J. Robert Bren (July 23, 1903 – October 1, 1981) was a Mexican-American screenwriter and producer who was active from the mid-1930s through the mid-1950s. He wrote either the story or screenplay for thirty feature films, as well as producing at least two of those films.

Life and career
Born Jose Roberto Bustamante Gutierrez on July 23, 1903, in Guanajuato, Mexico, he entered the film industry, working on the sound crew for the 1933 film, Face in the Sky. The following year he began writing stories for films, the first of which was the 20th Century Fox film, Looking for Trouble, starring Spencer Tracy and Jack Oakie. He was also one of the story authors for The Band Plays On (1933), starring Robert Young.
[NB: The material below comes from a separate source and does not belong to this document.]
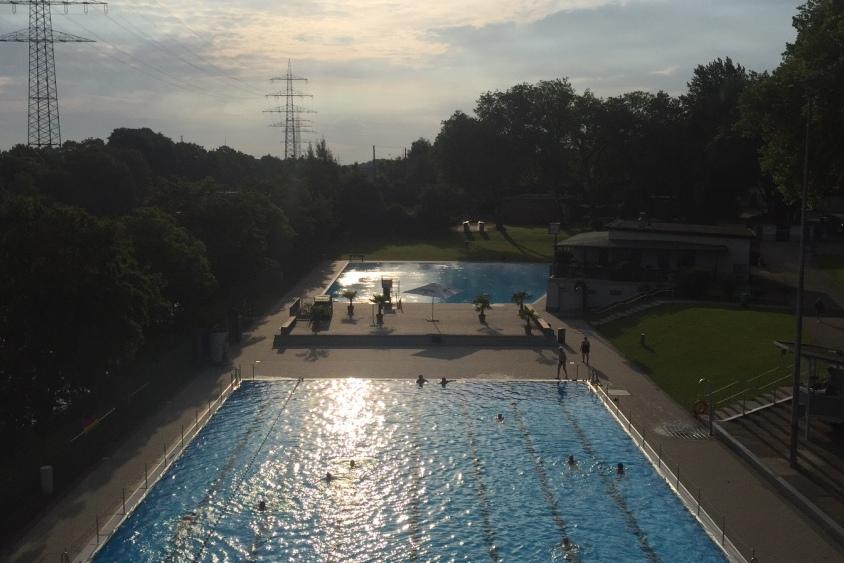 Sonnenuntergang &uuml;ber einem Schwimmbad mit blauem Wasser und B&auml;umen, mit Schwimmern und einem Freizeitbereich im Hintergrund.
In 1937 he was one of three writers who expanded an unpublished Damon Runyon story which was turned into the screenplay for Racing Lady, which starred Ann Dvorak, Smith Ballew, and Harry Carey. Bren was one of the writers of the screenplay for The Man Who Found Himself, also in 1937, featuring Joan Fontaine in her first starring role, along with John Beal.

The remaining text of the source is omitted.